The (unsolvable) Diophantine decision problem, also known as Hilbert's 10th problem, is that of determining whether a polynomial with integer coefficients has positive integer roots. This can be translated into a travel problem wherein the equation has roots if and only if there is a solution to the travel problem. If there is a solution, the number of fares in the solution in each of various different classes matches the roots of the polynomial. In general the count of fares in a class represents the numerical value of a variable or expression: the reduction does unary arithmetic with fares. The flight network is used to ensure that at least one fare in each input variable fare class must be used.
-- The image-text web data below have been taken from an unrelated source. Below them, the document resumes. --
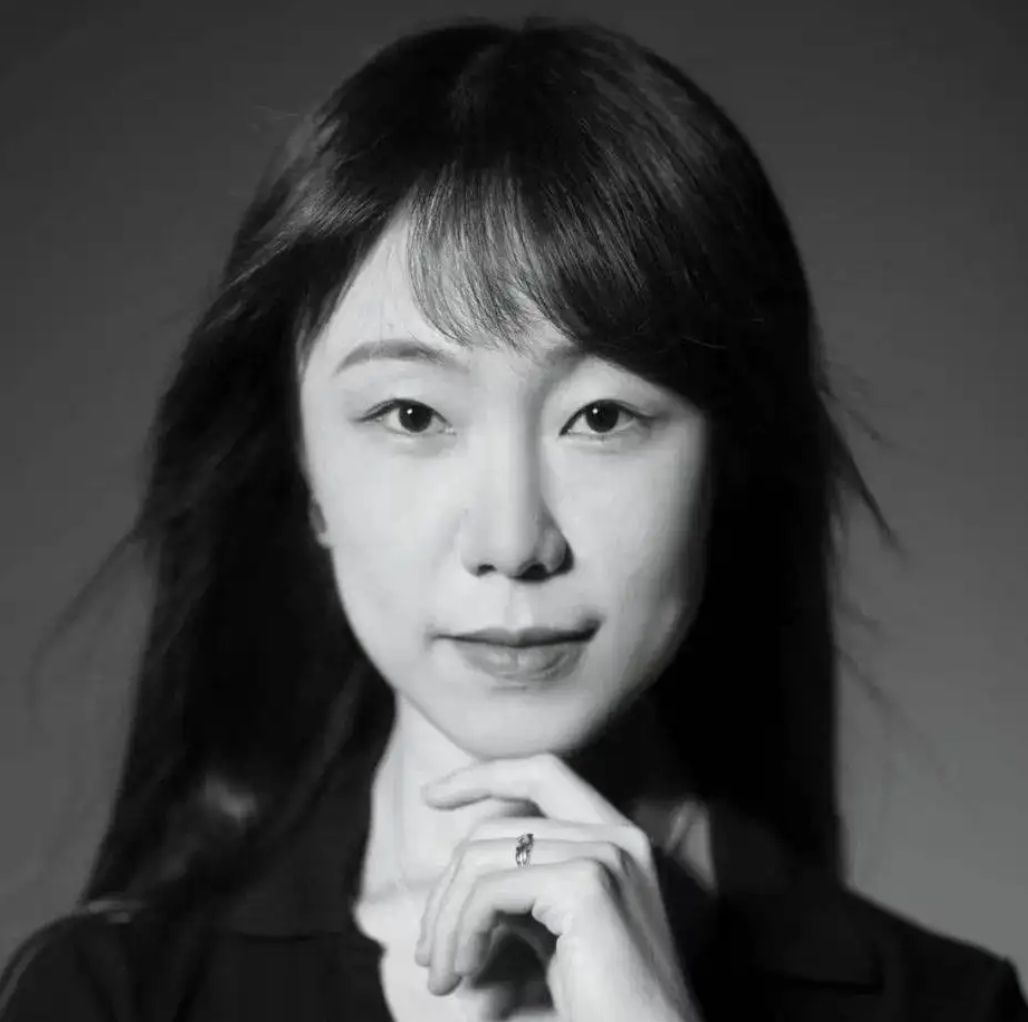 郝景芳 你能通过图灵经过亲自测试吗？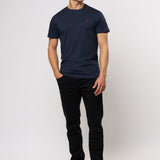 Arjun T-shirt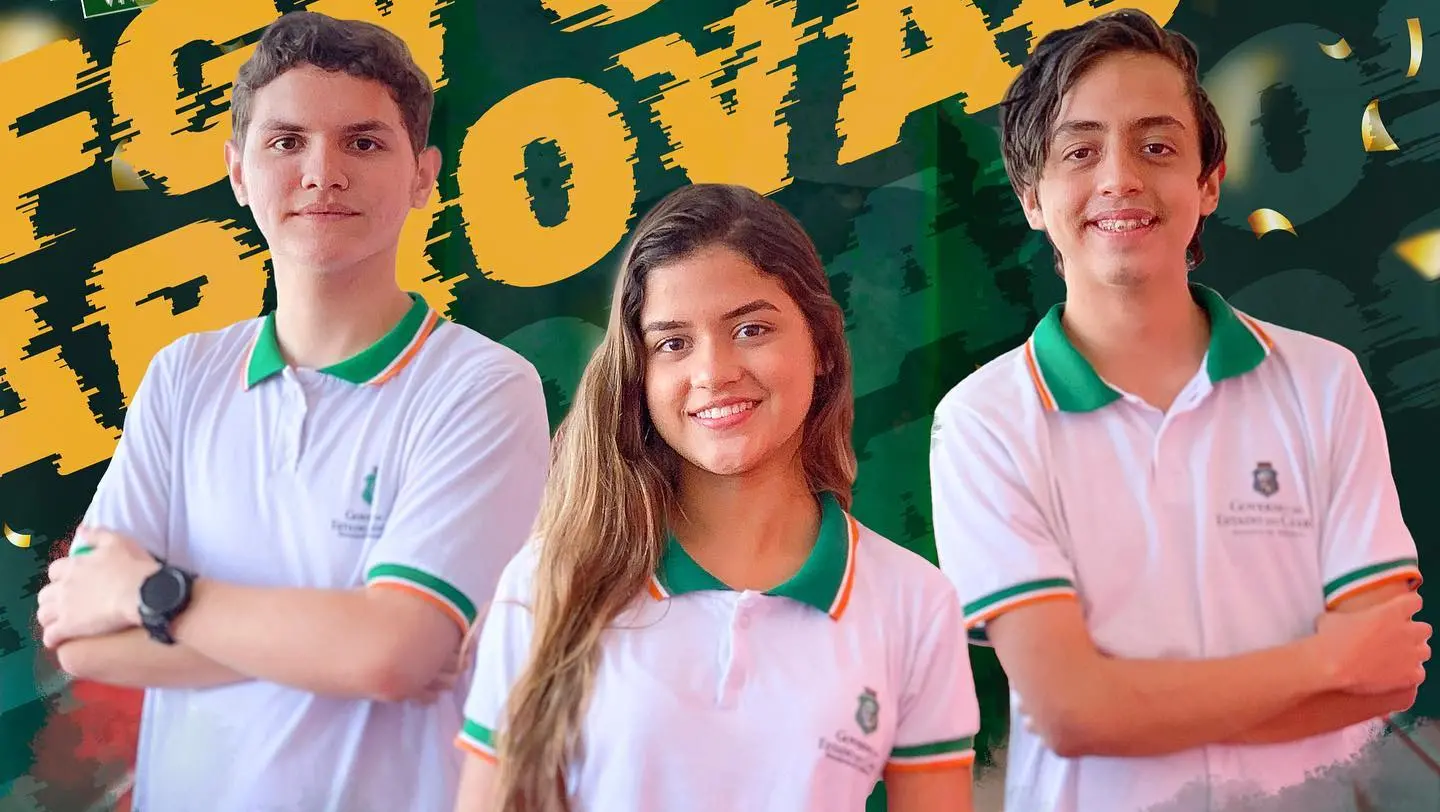 capa da noticia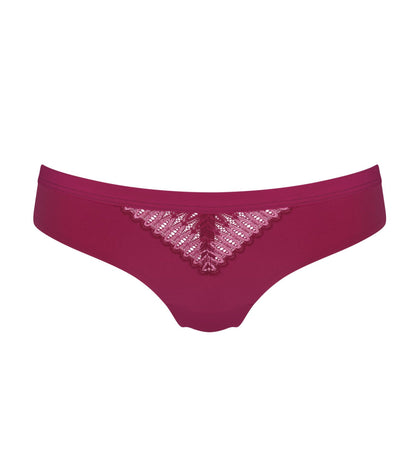 Aura Spotlight Brazilian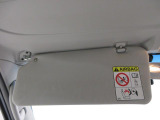 その他にお車ご購入に関して、気になる点やご不明な点がございましたら、「見積依頼」ボタン、もしくは無料ダイヤルより各店舗へお問合せください。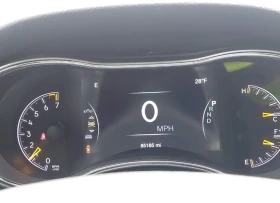 Jeep Grand cherokee - 14535 € / 28427.99 лв. - 14367622 7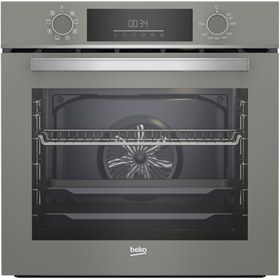 Resim Beko BFC 430 G Beyond Serisi Ankastre Fırınlar 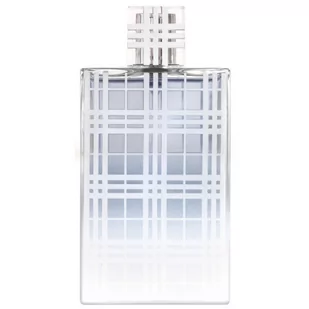 Burberry Summer woda toaletowa 100ml - Wody i perfumy męskie - miniaturka - grafika 1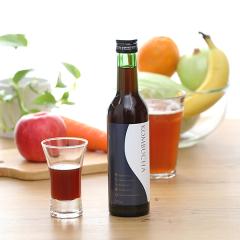 �����̖� �R���u�`���G�b�Z���X 300ml �g���L�m�R �y�f�h�����N �A�����y�G�L�X �n�[�u ���_�� ts1031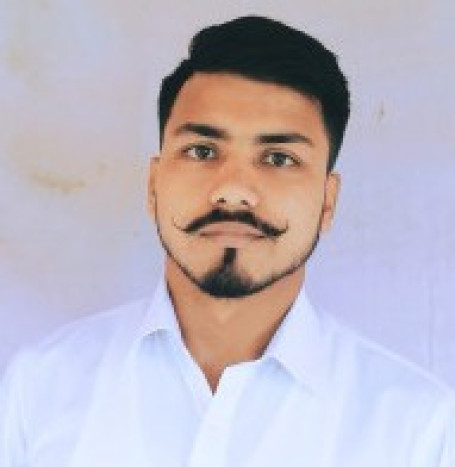 बोम बहादुर खत्री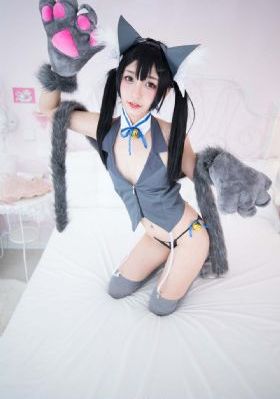 热情的邻居电影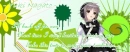 Yuki Nagato Signature
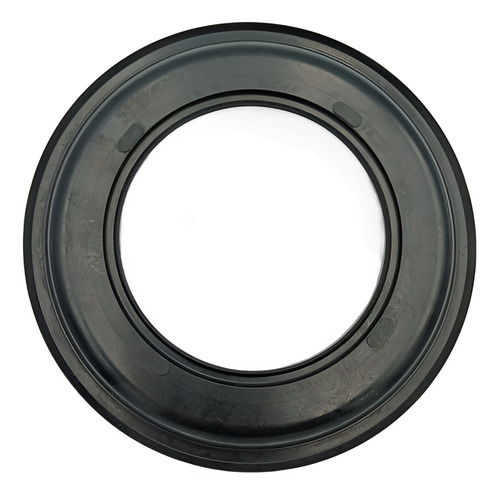 Piston Reversa Bajo Transmisión Avanza 2016 - 2021 2da Gen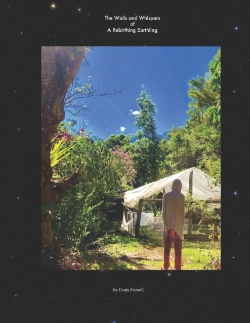 Bertrand.pt - The Wails And Whispers Of A Rebirthing E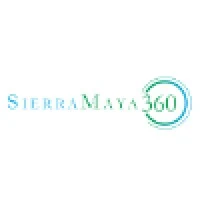 SierraMaya360 VC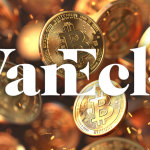 vanech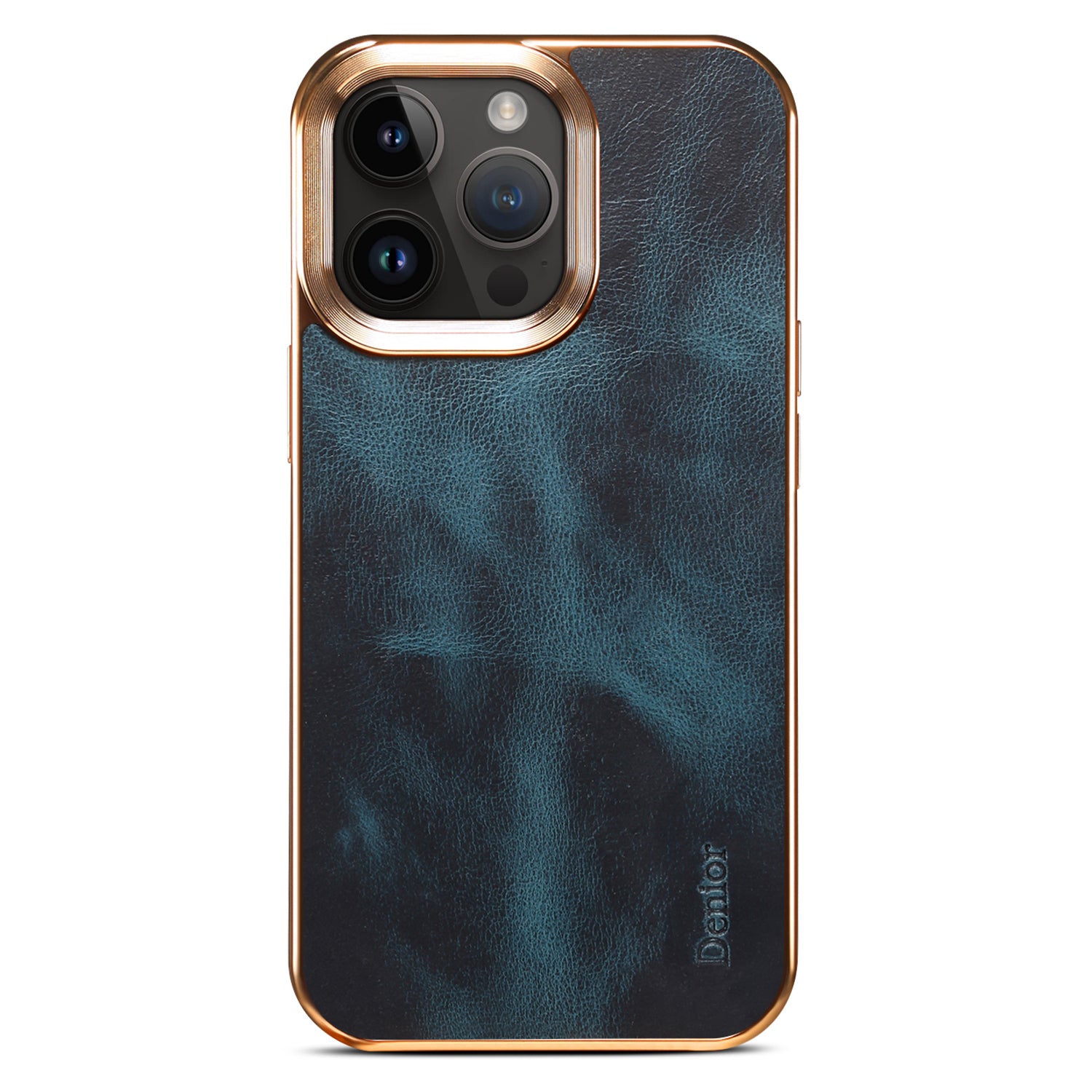 Cell Phone Cases,Apple Cases,iPhone 13 Pro Cases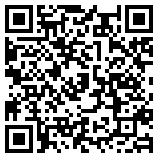 QR Code for Aba Air Conditioning & Heating in Clearwater, FL 33756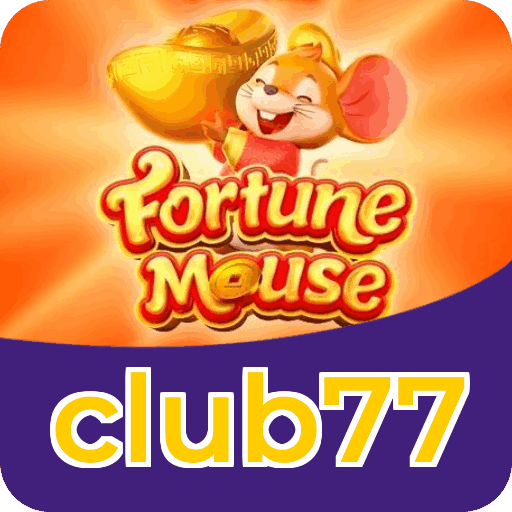 Slots Premium da PG Soft na club77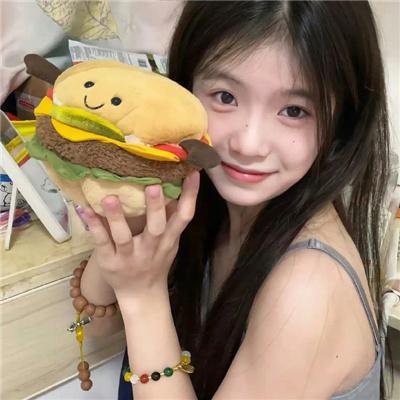 少主且慢行第二季海报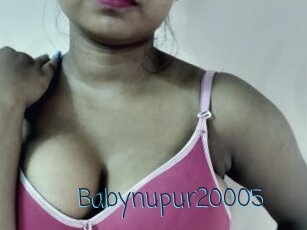 Babynupur20005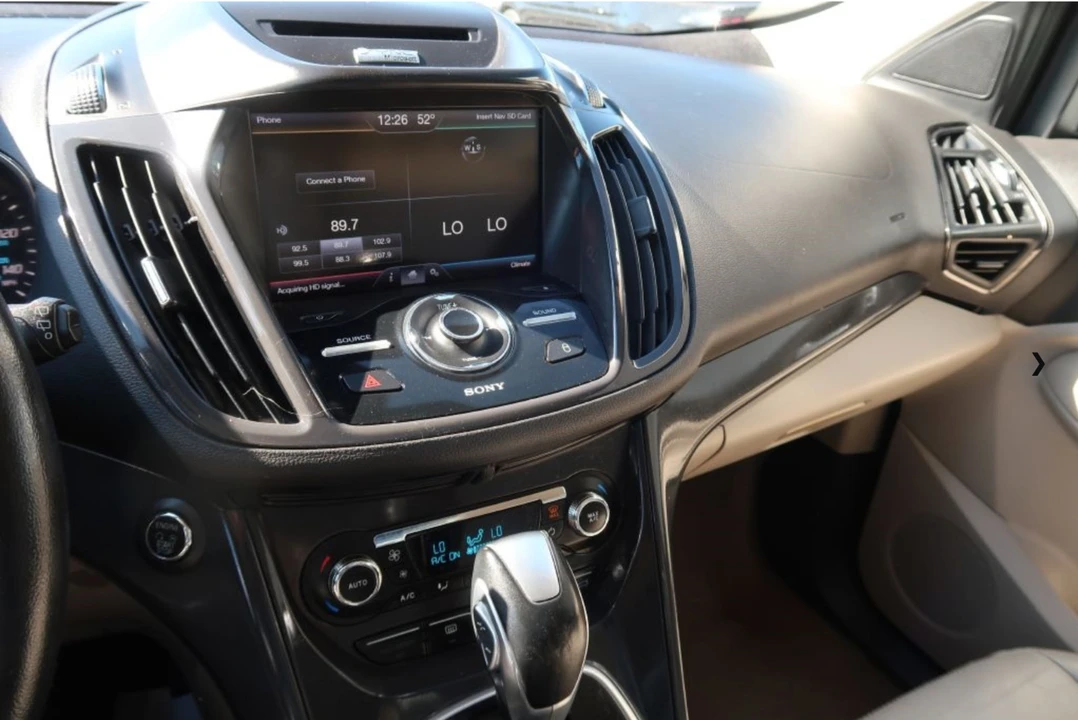 2014 Ford Escape - Image 13 of 14
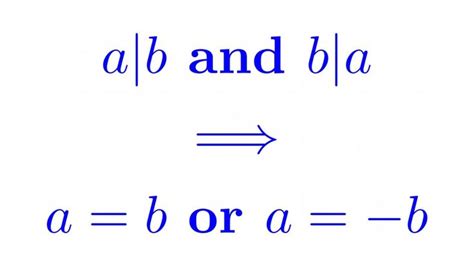 whats a b and e|B & E definition in American English .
The sum of all positive terms will be represented by the number of fares in class P, and the sum of all negative terms by the number of fares in class N. By giving P and N fares rules that force them to combine with each other in two-fare-component PUs, it is guaranteed that a solution only exists if the equation sums to zero.
Since addition can be expressed in the reduction definition (by expanding the class of fares that represents an expression), the key issue in this proof is whether it is possible to express multiplicative constraints on fare counts, such that any valid solution must have number of fares of type Z precisely equal to the number of fares of type X times the number of fares of type Y.